It’s becoming light outside as I write this

Today was a pretty good day, as evidenced by the fact that I’m still awake at 5:43 AM and blogging.

It wasn’t as productive as I’d hoped in terms of schoolwork, but I still got a lot done. The bathroom is spic-and-span after I cleaned it for about an hour. Mirrors, sink, countertop, toilet (eww), tub, and floor are all spotless, thanks to a lot of Comet and some hardcore scrubbing. I also talked to my mom, and cleaned my room, too. One of the windows in my room doesn’t have a block on top of the bottom pane, so I could pull it down and clean the outside of the pane, which was equally exciting and gross; exciting because now one of my windows is crystal clear, gross because it took about five paper towels covered in solid blackness to get it to such a crystal clear state.

After cleaning the bathroom, Jeffrey, Claire, Janet, and I went to Gianni’s for dinner, where we were waited on by a kid named Matt who must’ve been about twelve years old. I ordered my first beer at a restaurant (a Heineken, for history’s sake) and almost finished it all. Janet and Claire had to help me finish the last third of it, though; I really just ordered it for the novelty of the whole experience—I despise the taste of beer and so couldn’t finish it.

Dinner was good; after it, we went to the liquor store. Inside, there were only two customers who I didn’t recognize as being Wesleyan students. Outside, there was a burly black policeman with an earpiece who looked quite scary.

After a long walk home with a heavy bag in my arms (the things I go through for friends), we watched Office Space with Laura and then went to Yumin’s citizenship party, which was rockin’.

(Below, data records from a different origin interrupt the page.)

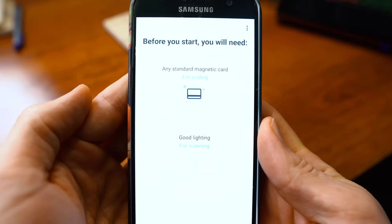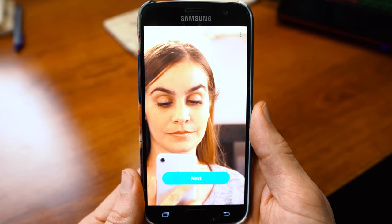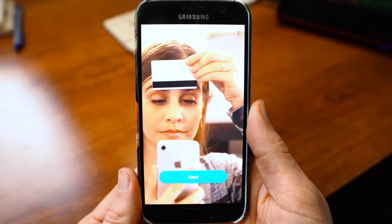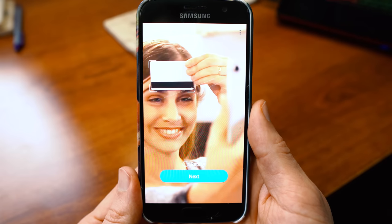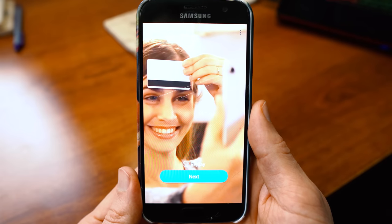Before we start, the app tells you that you're going to need a standard magnetic card for scaling, as well as good lighting so you can take a good picture of your face. I'm just going to use an old outdated credit card of mine. The app walks you through the process with simple instructions. If you are already wearing glasses, make sure to take these off because otherwise it won't take the picture correctly.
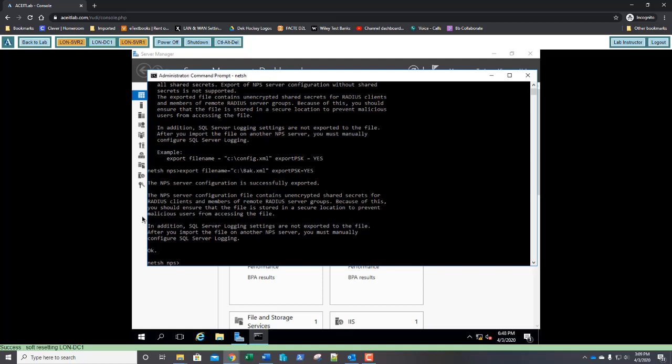Because this gives us the answer to question number 10. What does the warning indicate? Well, let's read it. That it was successfully exported. Well, that's not a warning. That's just informational. The NPS server configuration file contains unencrypted shared secrets. Oh, that sounds important. For RADIUS clients and members of remote RADIUS server groups. Because of this, you should ensure that the file is stored in a secure location to prevent malicious users from accessing the file. Now, okay, so we need to make sure that because it has unencrypted information, unencrypted shared secrets, it needs to be stored in a secure location.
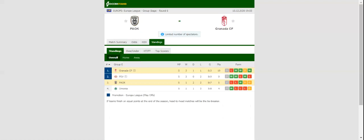Granada will be aiming to cement top position in Group P when they take on Pug at Tumba Stadium on Thursday evening.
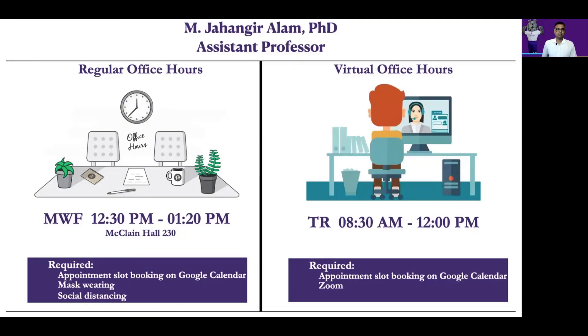Here is my regular and virtual office hours template including day, time, and requirements for appointments. I add a link in the description below in case you would like to use it.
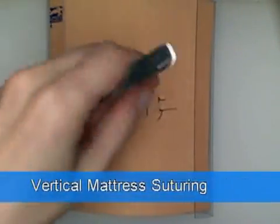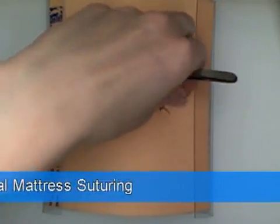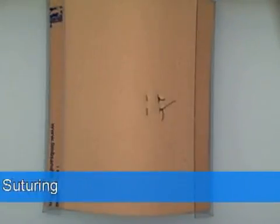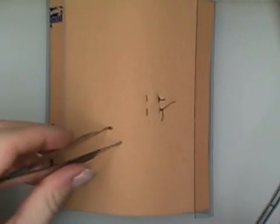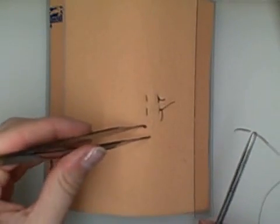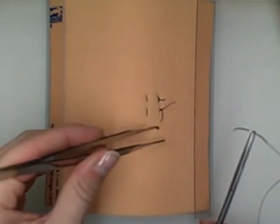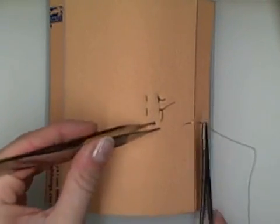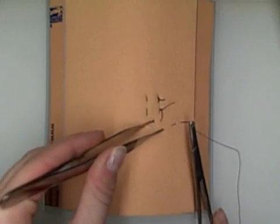Okay, so now we're going to do a vertical mattress suture. The vertical mattress suture is generally used to evert the edges.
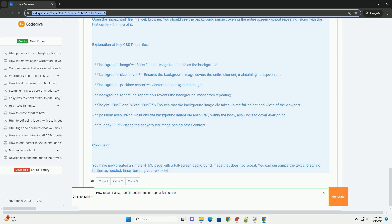Finally, applying these properties to the body or a specific container will achieve the desired full-screen background effect. This method ensures a visually appealing, non-repetitive background image for your webpage.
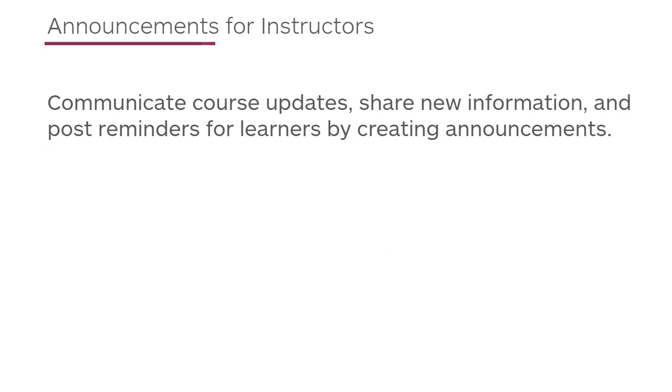Communicate course updates, share new information, and post reminders for learners by creating announcements.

It was in LoRise, so it was a bit of a walk, but there were lots of excellent people and a wide selection of beverages. Also, there was a distinct possibility of a hookup, only to be spoiled by the fact that I couldn’t find her by the time the party ended. ::Sigh:: She was so hot tonight, too.

I was more, uh, affected, than I’ve been at any time in the past, but I still think I maintain an excellent degree of responsibility and control in such situations. Walking home was an interesting feeling—every step a little party—but it’s amazing how durable my sense of direction is.

I (made a mistake and) called Erica as the party was winding down, and eventually reached her on my walk home. I learned tonight that she’s seeing someone named Nick who’s 25 years old. This is good. I can’t say I’m happy for her per se, but I can say that I’m happy that now I am finally forced to realize that she’s mackin’ someone else. It’s good for the whole realizing-that-what’s-done-is-really-over thing. Closure, or something like that.

So, all in all, tonight was pretty excellent. I made two confessions that I might regret in the morning, but I’ve come to realize that having regrets is no way to live happily, and so I doubt I’ll really find fault in my honesty when I wake up.

I should probably get some sleep now. It’s just so hard when it seems like everything’s going fine, yet there’s still something missing, something amiss that’s throwing everything off and leaving me unsure as to what’s coming down the pipeline. I think I could use a girlfriend, and more free time. And some sense of where I want to go in life, or at least what I want to do. And a reinvigorated pursuit of knowledge. I want to find something interesting.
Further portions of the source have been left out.